Hey, real love is worth ten times sexual attraction. Be happy. 
If it becomes a problem, talk to your wife. If you really love each other it will do good to take it out into the open. Makes you both feel better, since your wife probably isn't blind either ... As long as you keep your mind (and hands) off her, let the eyes enjoy the view.


----------



## chemistry_geek (May 27, 2003)

If you make a lot of money and have children (plural), just imagine what the child support payments would be like.  You would be poor forever!  Even if you're not well-to-do, the child support payments will still bankrupt you.  To recap what dlloyd said, "Strength of Will".


----------



## Arden (May 27, 2003)

Have a fling.

::ha::::ha::, just kidding!  If your wife doesn't notice or doesn't say anything, don't worry about it.  Like cat said, let your eyes enjoy the view... at least someone/something does.  If your wife says anything, convince her that you love her and her only, and that her sister is *ahem* very good looking, and you can't help staring because you are a guy and that's what drives us.


----------



## Decado (May 27, 2003)

have a threesome! 
no, wouldnt recomend that. not when there are people you love involved. Trust me: it gets plenty messy (in a bad way)! 
If they are sisters they cant be that different. give your wife a present. same kind of clothes that her sister usually wears.

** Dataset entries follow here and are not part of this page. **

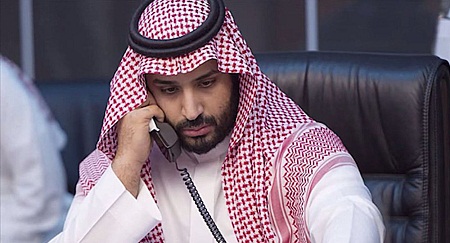 جعلی بودن تابلوی 450 میلیون دالری شاهزاده سعودی افشا شد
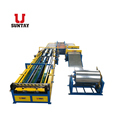 Rectangular Duct Smart Line for HVAC Ductwork1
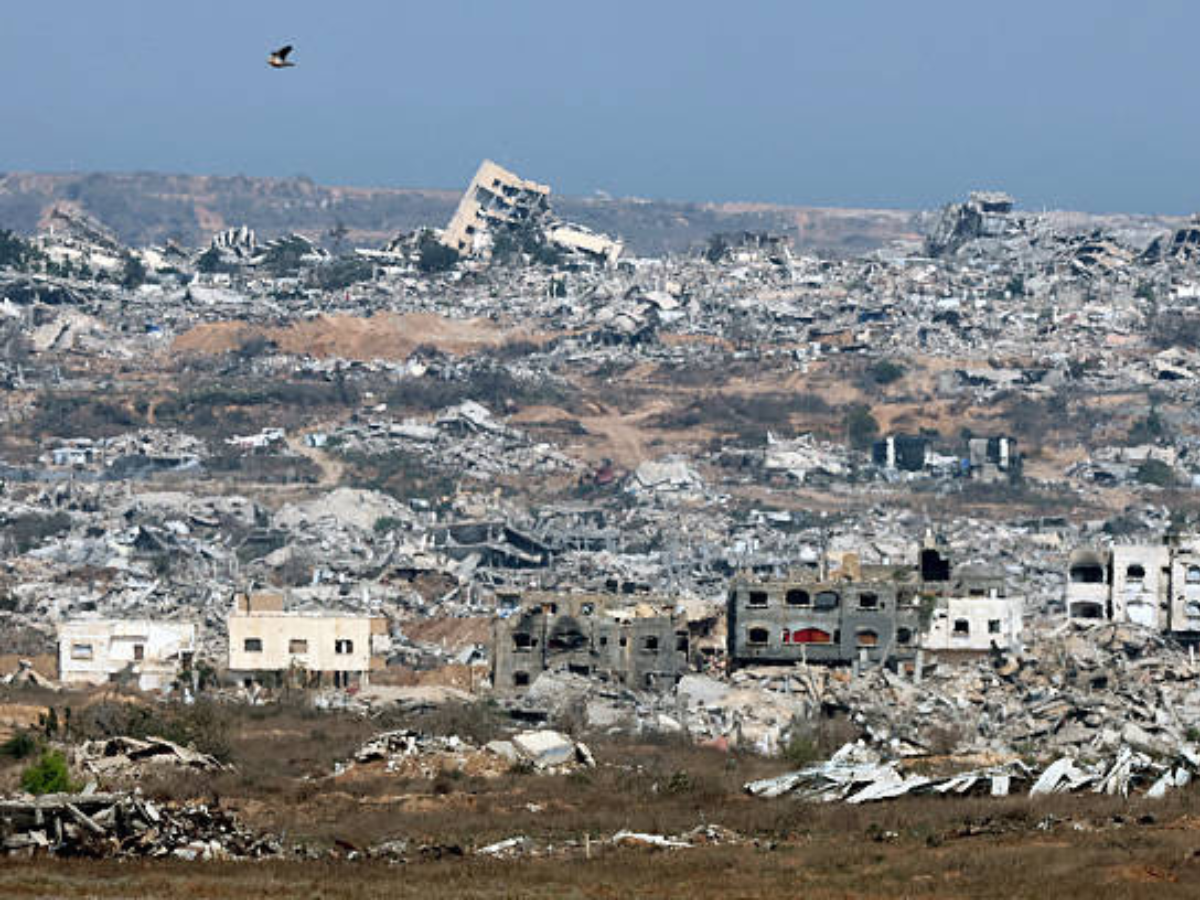 Hamas Accepts 60-Day Gaza Ceasefire: Hostage Release Offers Hope Amid Humanitarian Crisis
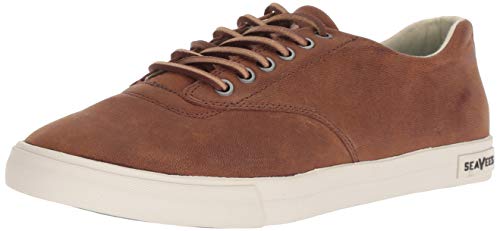 SEAVEES Men's Hermosa Plimsoll Wintertide Sneaker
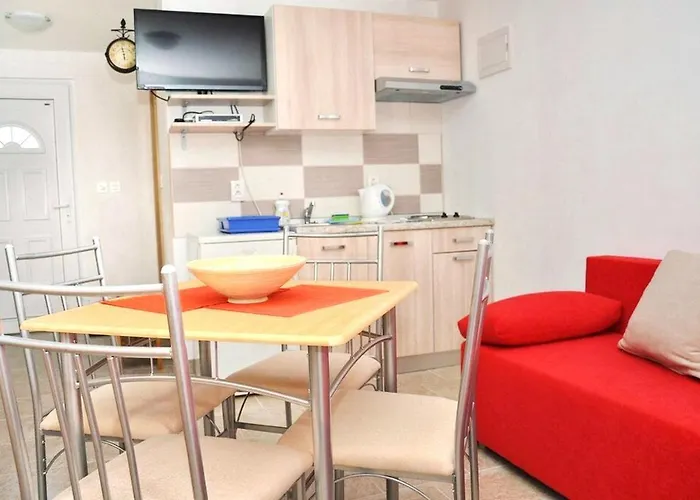 By The Sea Veli Rat, Dugi Otok - 15006 Апартаменты Вели-Рат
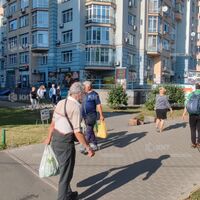 Aренда магазина Киев, Теремки 2, 109м²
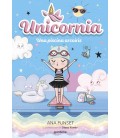 UNICORNIA 09 - UNA PISCINA ARCOIRIS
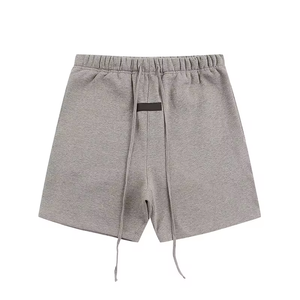 Shorts Essentiels SS22 de Haute Qualité pour Hommes – Style Décontracté Tendance Streetwear – Vente Flash – 100% Coton - Product Image 4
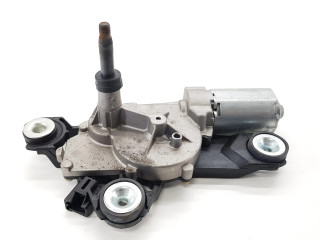 Моторчик заднего дворника AD0F00S2B2160, BP4K67450 Mazda 3 I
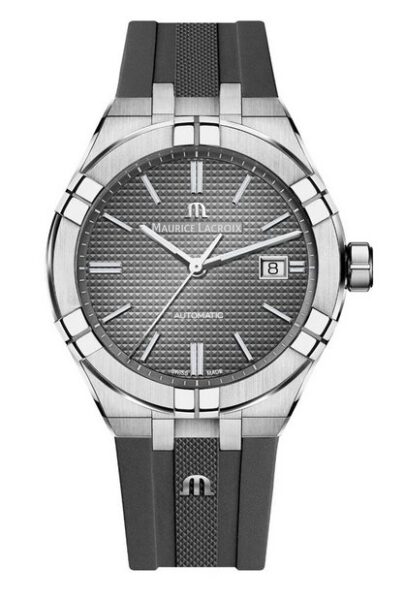 【モーリス・ラクロア】腕時計マニアの間でも人気を博しています「アイコンオートマティック」-MAURICE LACROIX -ff3a79313fa0007dce341929602610fc-404x600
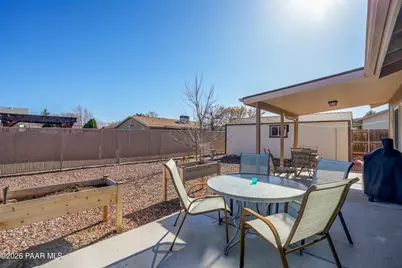 4101 N Gelding Drive, Prescott Valley, AZ 86314 - Photo 23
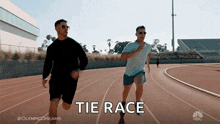 race jonas brothers olympic dreams track and field running olympic dreams
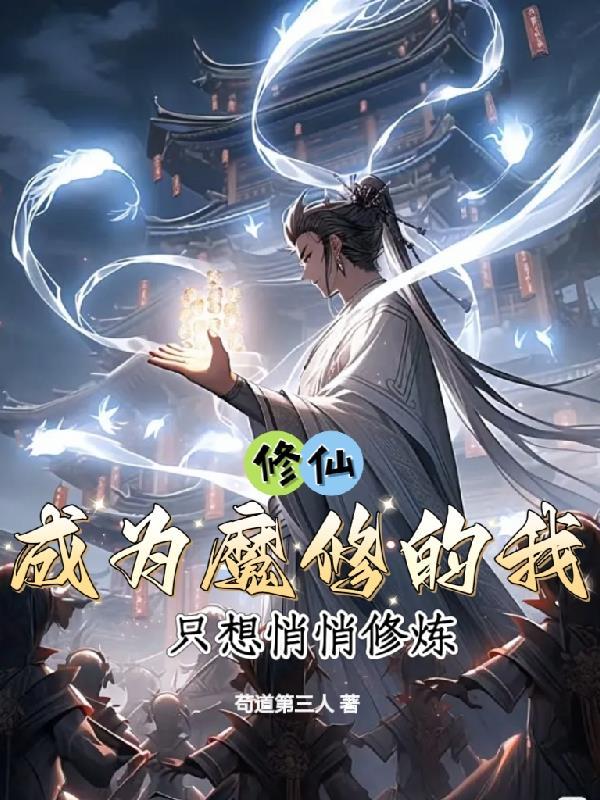 如何成為魔修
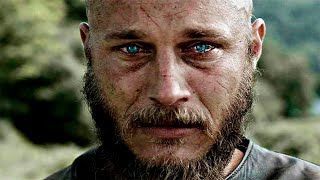 LA VERDADERA HISTOTIA DE RAGNAR LOTHBROK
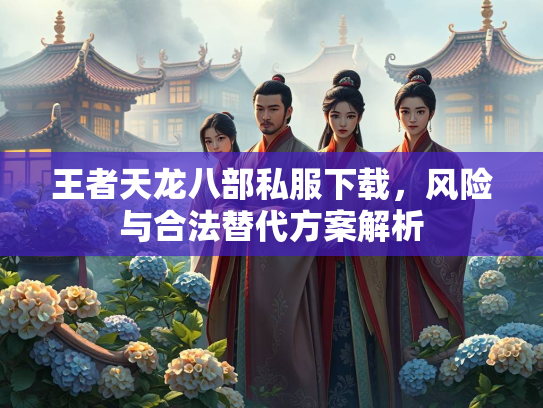 王者天龙八部私服下载，风险与合法替代方案解析  第2张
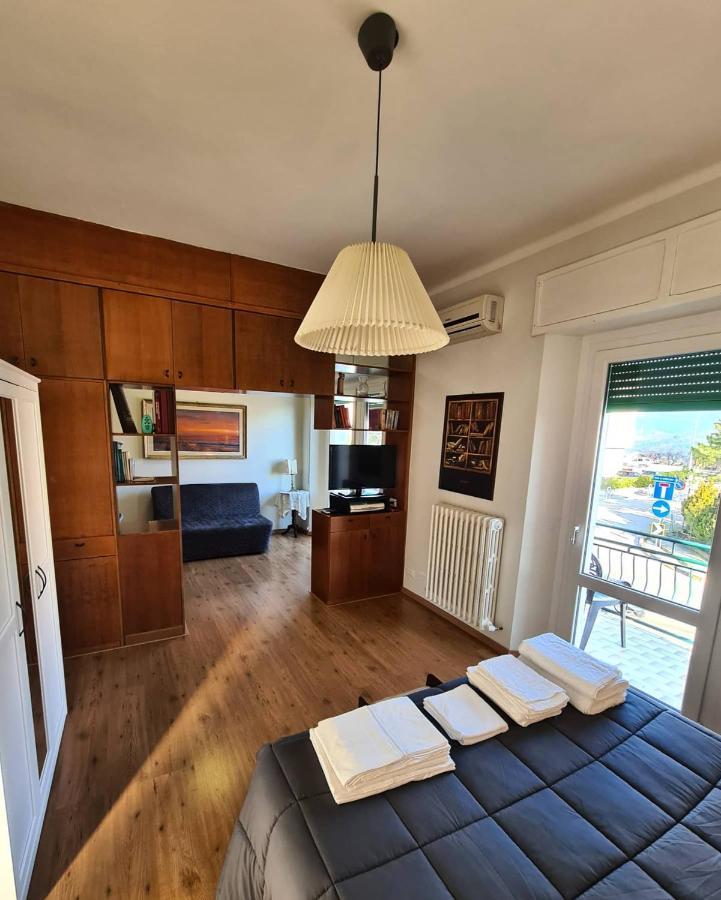 Conero Apartments Camerano Luaran gambar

and the most important rule of them all: do to others only what you would have them do to you. How would you feel if your wife were looking at your handsome brother (if you have one)? jepp. not so funny. 

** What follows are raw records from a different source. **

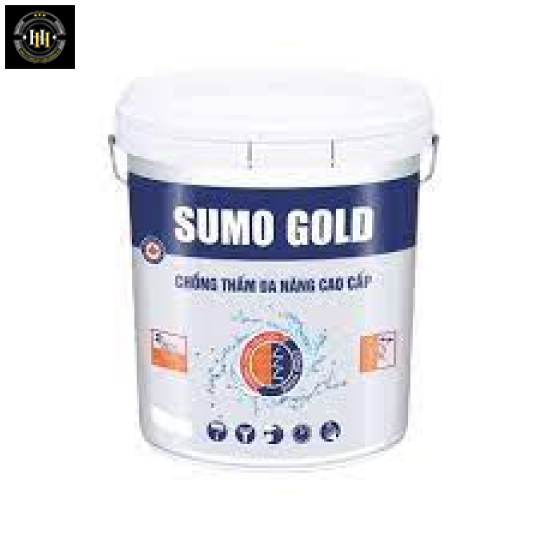 CHỐNG THẤM SUMO GOLD CT11A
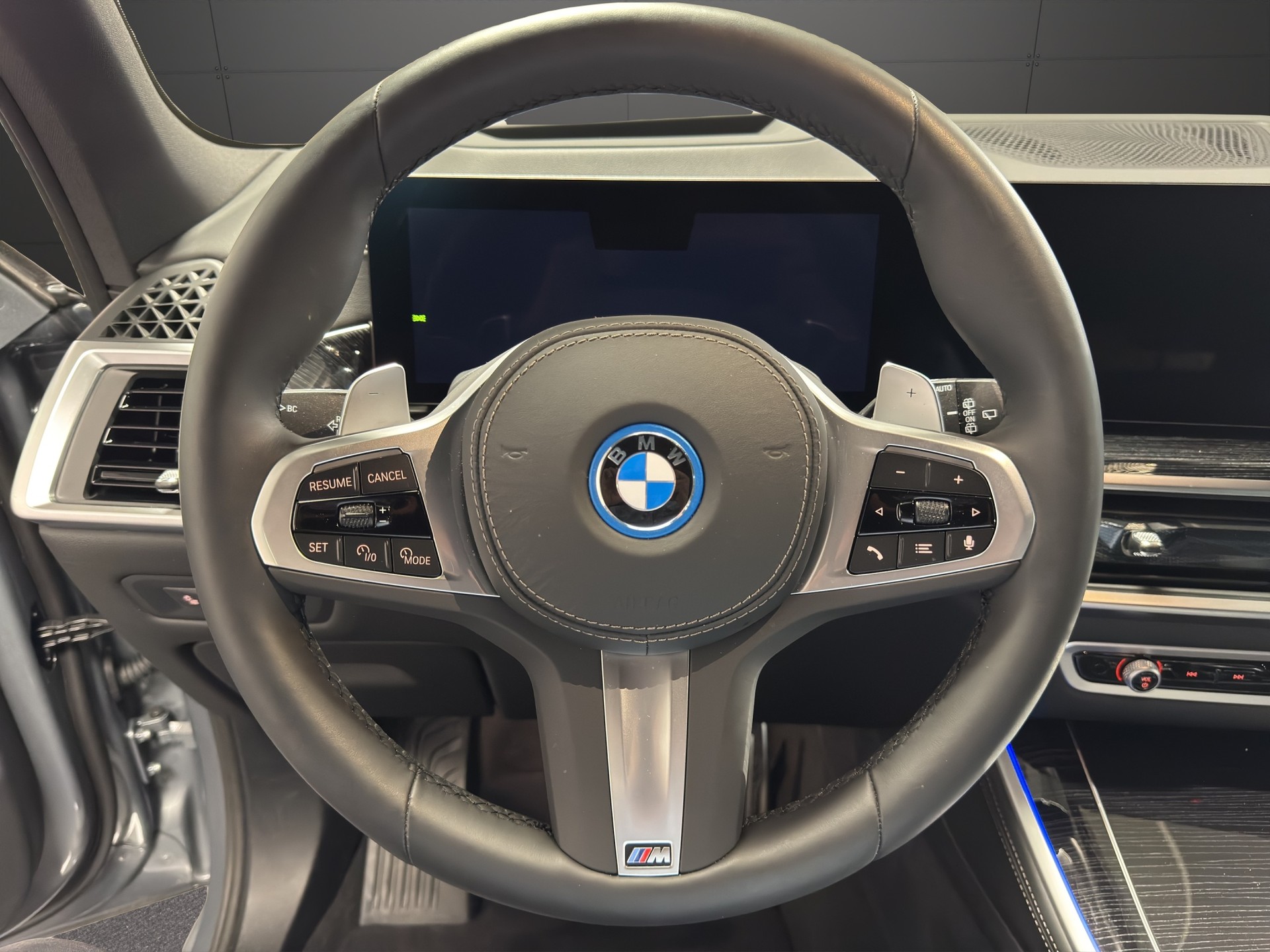 BMW X5 50e xDrive M Sport-image-13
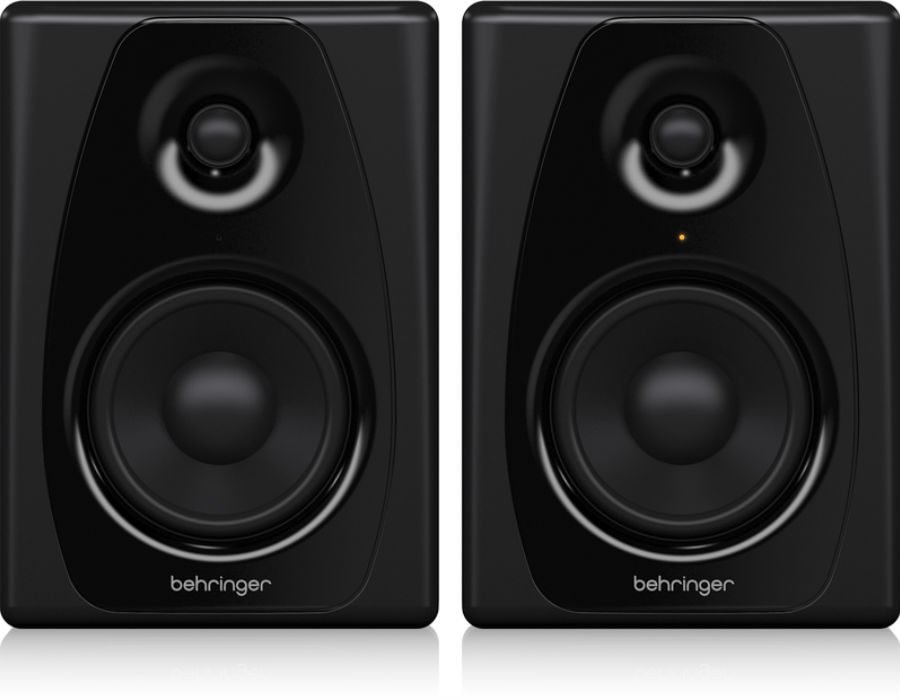 Behringer STUDIO 50USB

nah... i would probably still go for the threesome and let it all blow to pieces (have done that twice.).


----------



## wdw_ (May 27, 2003)

take advise from Revenge of the Nerds and set up some hidden cameras.

Just kidding.


----------



## Arden (May 27, 2003)

Decado:  How many threesomes have you had in your life anyway? [/highly personal questions]

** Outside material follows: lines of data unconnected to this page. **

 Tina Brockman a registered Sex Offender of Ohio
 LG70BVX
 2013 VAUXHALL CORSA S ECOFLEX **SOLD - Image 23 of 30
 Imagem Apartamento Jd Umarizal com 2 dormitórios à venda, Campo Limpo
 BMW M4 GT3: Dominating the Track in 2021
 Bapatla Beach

habilis:  Only act if it becomes a problem.  If it does, you may want to seek counseling if you are unable to work through it (like marriage counseling).


----------



## habilis (May 28, 2003)

> _Originally posted by Decado _
> have a threesome!


holy sh!t, don't do that to me.


> _Originally posted by Decado _
> ...do to others only what you would have them do to you.


Amen brother


A lot of good points from everybody. but Yikes.  I believe I would never betray my wife/best_friend or have some sort of hidden fling ::angel:: She's actually fine with me looking at other girls, but her sister, well, that's like a taboo(and probably why I think she's so damn flaming hot). Damnit...

::alien::


----------



## Arden (May 28, 2003)

Well, imagining her in her underwear probably wouldn't help the situation any...


----------



## Zammy-Sam (May 28, 2003)

lol! interesting thread!
Anyway, I would be darn careful with watching her and believing that when your wife doesn'T say a thing, she didn't notice by now. Mostly women keep things in themselves until it over goes a certain threshold. And than you will know how much she really got bothered. Unfortunately it will be too late to solve anything than. 
And as cat said: real love is much more worth than sexual attraction. Keep your eyes on your wife (who shouldn't look so much different than her sister! Right?)


----------



## habilis (May 28, 2003)

> _Originally posted by arden _
> Well, imagining her in her underwear probably wouldn't help the situation any...


damn you arden.


> _Originally posted by Zammy-Sam _
> Keep your eyes on your wife (who shouldn't look so much different than her sister! Right?)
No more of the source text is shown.